Roger Hoffman, chief executive officer with River Run, said the company expects to break ground in the first week of September. He estimated the plant’s size at 300,000 square feet.
“We’re talking between 400 and 450 jobs,” Hoffman told the Board of Commissioners.
“Roger is local. Hats off to him,” Boop said.
River Run Foods produces food products for its clients, such as sauces or juices, and packs it in glass jars or carton packaging. It helps clients research, develop and commercialize products. Last year, the company announced an expansion in packaging with TetraPak’s Tetra Recart cartons.
River Run Foods has contracts through 2027, Hoffman said, including with a national spaghetti sauce brand.

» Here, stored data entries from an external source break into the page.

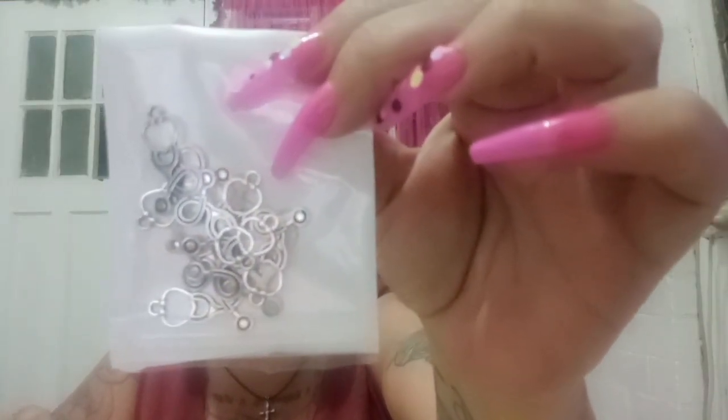Item number one: little stethoscopes. Aren't they sweet? I'll pull one out and show you. Do you know what I love about Temu? Everything comes in one package, or maybe two, depending on when you place the order. Look at these little stethoscopes. They will be good as earrings or necklaces - I reckon earrings. So we're going to make them and save a few.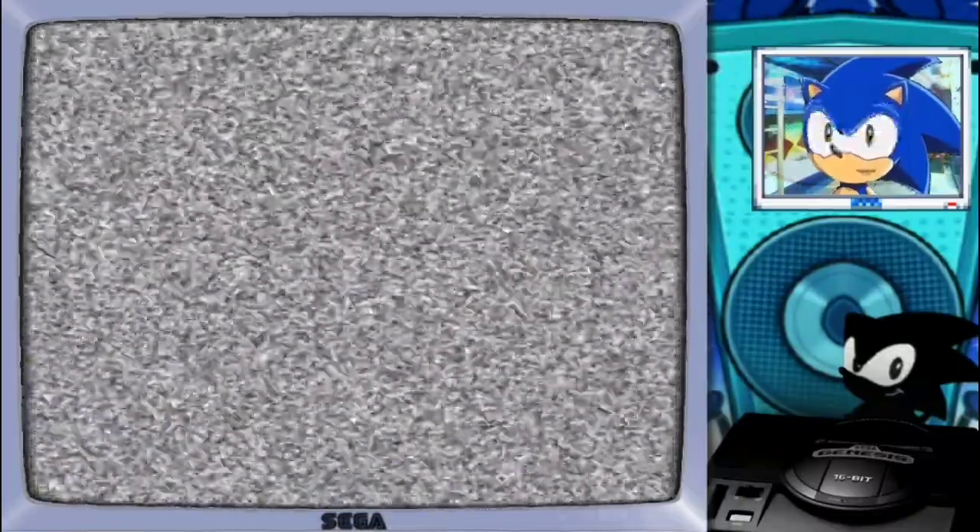Hey everyone! Welcome to Sonic Station! Today we are going to start our new weekly series, Sonic Tuesdays!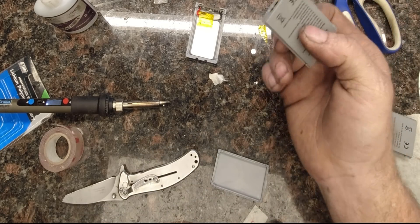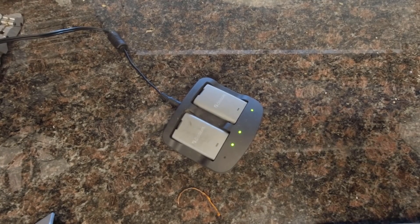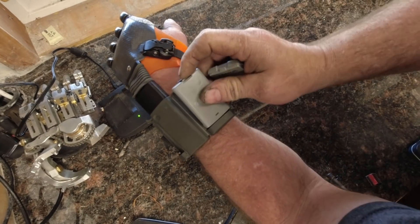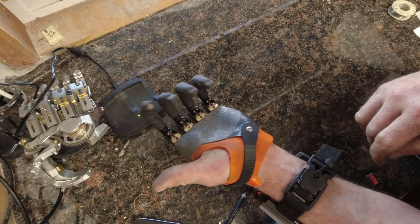And there you go — good as new. I hope this helps somebody out there that has an Osir hand with dead batteries. Guys, have a great day. Thanks for watching.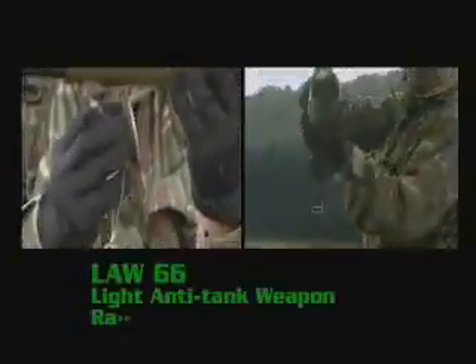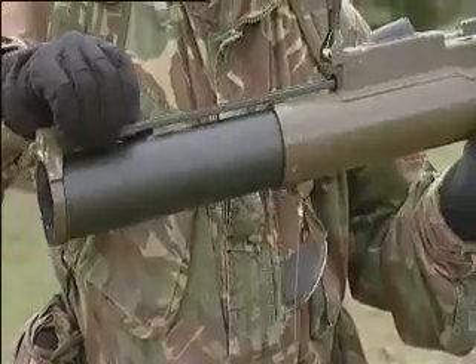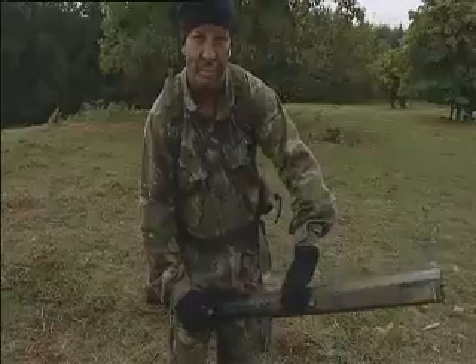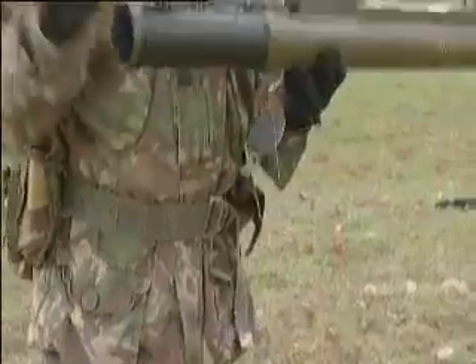The SAS use lightweight anti-tank weapons to up their firepower. The Law 66 is widely used. It's a one-off use weapon that is extremely effective against soft skin targets like unarmoured vehicles. A trooper may carry several, but he has to know exactly how to operate the weapon system. On an exercise once with a unit which will remain nameless, as the person was opening the weapon, it was jamming. So stupidly, he took it, placed it onto his knee, held it, and cocked the weapon. As he cocked it, he pressed the firing button at the same time. The weapon went off. The high explosive round went up in the air, but the back blast from the weapon took the guy's leg off.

The company opened in 2011. It currently operates along Route 147 at 50 Spruce Hill Road, Northumberland, and employs 100 people, Hoffman said. River Run Foods plans to expand its existing plant and add another 80 jobs, he said.
Incorporated in Delaware, River Run Foods filed with the U.S. Securities and Exchange Commission in May 2020 to raise $3,000,000 in new capital.
“We are committed to Central Pennsylvania. We’re committed to the people here,” Hoffman said, adding that he wants River Run to grow and hire locally including for the construction and expansion projects. “We’ve been in this area for a decade and we like where we are.”
Great Stream Commons had long been a source of consternation for Union County’s elected officials. Momentum is now building for economic development.
“There’s a lot of interest in our area. We still have a strong work culture reputation. It’s really exciting right now. Once you start selling a couple lots, people get excited. Our new broker has done a tremendous job,” Reber said.
The business park was founded after an effort to build a hazardous-waste incinerator there was abandoned. The county took out a $12 million loan in 1998 to purchase 670 acres in Gregg Township, near Allenwood. Bonds for the property have since been refinanced.
Target bought land and planned to build a distribution facility as the park’s lead tenant. That plan was halted and eventually abandoned, too, following the market crash of 2009.
Investors eyed the park but didn’t bite for years. Commissioners hired Lee & Associates to market the real estate, replacing Cushman & Wakefield.
In 2019, JM Industrial Realty LLC paid $3.75 million to Target, not Union County, for the company’s 166 acres. JM Industrial Realty is affiliated with Moran Logistics of Watsontown, which hasn’t announced its intentions for the property.
Last summer, the county sold 7 of its own 351 acres for the construction of a Snappy’s gas station, currently underway at the traffic signal on Route 15 just south of Clyde Peeling’s Reptiland.
Another 57 acres of county-owned land was sold to a corporation named 17890 Russell Road. The deal was brokered by Mericle Commercial Real Estate, Wilkes-Barre. No further details have been announced for that project.
Union County now holds about 240 acres at Great Stream Commons. The commissioners credited both Lee & Associates as well as Shawn McLaughlin, planning and economic development director, with the recent sales.
“I really respect that we are going to have an expansion of jobs in the area, and they’re manufacturing jobs. That’s a great win for us and our growing companies,” Richards said.